The smallest of these is the Kremlin Theater to the east. Half exposed and half hidden behind the theater stands the building of the Council of Ministers, seemingly the home of the government, inasmuch as the ministers meet here. But the real government of the USSR lies not in the Council of Min­isters but in the Politburo, the tiny, exclusive group who constitute the pinnacle of the Central Committee of the Communist Party of the Soviet Union, or CPSU.

The third building is the biggest. It lies up along the western facade, just behind the wall’s crenelations, overlook­ing the Alexandrovsky Gardens down below. In shape it is a long, slim rectangle running north. The southern end is the old Arsenal, a museum for antique weaponry. But just behind the Arsenal the interior walls are blocked off. To reach the upper section, one must arrive from outside and penetrate a high, wrought-iron barrier that spans the gap between the Ministers Building and the Arsenal. The limousines that morning swept through the wrought-iron gates and came to rest beside the upper entrance to the secret building.

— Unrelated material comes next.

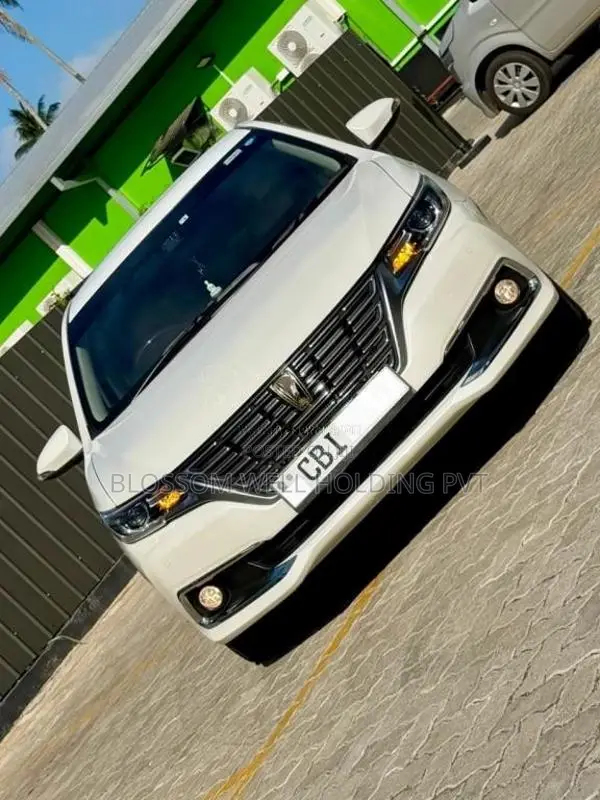 Toyota Premio NZT260 G Superior 2019 Car (Used)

In shape, the upper Arsenal is a hollow rectangle; inside is a narrow courtyard running north and south, and dividing the complex into two even narrower blocks of apartments and of­fices. There are four stories, including the attics. Halfway up the inner, eastern office block, on the third floor, overlooking the courtyard only and screened from prying eyes, is the room where the Politburo meets every Thursday morning to hold sway over 250 million Soviet citizens and scores of mil­lions more who like to think they dwell outside the bound­aries of the Russian empire.

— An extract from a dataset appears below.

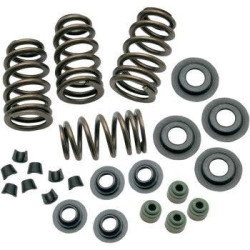 PartzBiz HD SS106-5909 - S&S 106-5909 Sidewinder .650" Valve Spring Kit Twin Cam 05-18 Sportster 04-20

For an empire it is. Although in theory the Russian Soviet Federated Socialist Republic is one of fifteen republics that make up the Soviet Union, in effect the Russia of the tsars, ancient or modern, rules the other fourteen non-Russian re­publics with a rod of iron. The three arms Russia uses and needs to implement this rule are the Red Army, including as it always does the Navy and Air Force; the Committee of State Security, or KGB, with its 100,000 staffers, 300,000 armed troops, and 600,000 informers; and the Party Organi­zations Section of the General Secretariat of the Central Committee, controlling the Party cadres in every place of work, thought, abode, study, and leisure from the Arctic to the hills of Persia, from the fringes of Brunswick to the shores of the Sea of Japan. And that is just inside the empire.

The room in which the Politburo meets in the Arsenal Building of the Kremlin is about fifty feet long and twenty-five wide, not enormous for the power enclosed in it. It is decorated in the heavy, marbled decor favored by the Party bosses, but dominated by a long table topped with green baize. The table is T-shaped.